▶ **Input data**
————
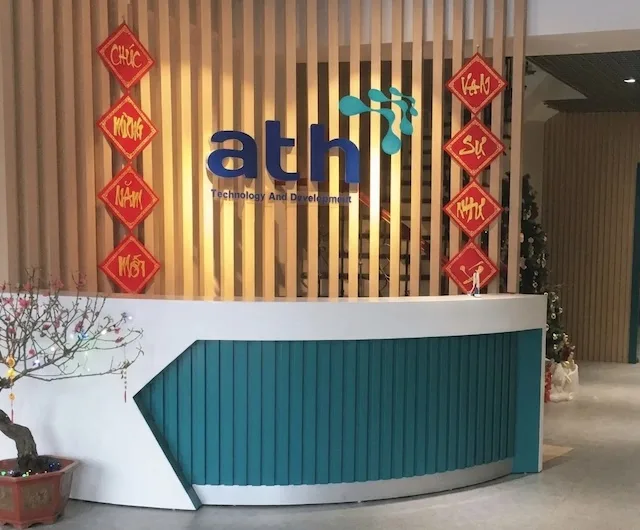 ATH 베트남 본사 및 기술팀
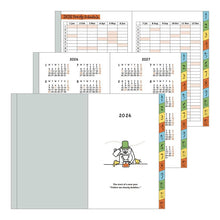 Midori 2026 A6 Pocket Diary Monthly Ojisan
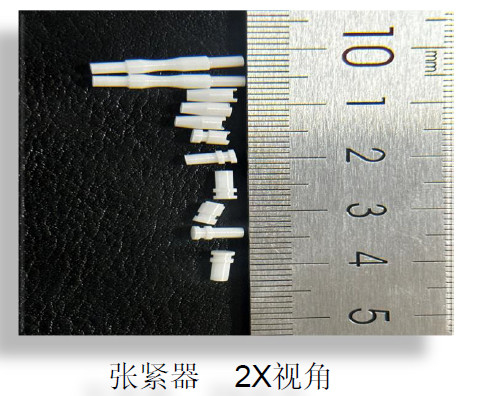Pièces céramiques de précision Semi-conducteurs Tensionnaire de fil d'or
————
▶ **Problem statement**
Output all the material exactly. The pictures are to be left out.

▶ **Exercise result**
 ATH 베트남 본사 및 기술팀
 Midori 2026 A6 Pocket Diary Monthly Ojisan
Pièces céramiques de précision Semi-conducteurs Tensionnaire de fil d'or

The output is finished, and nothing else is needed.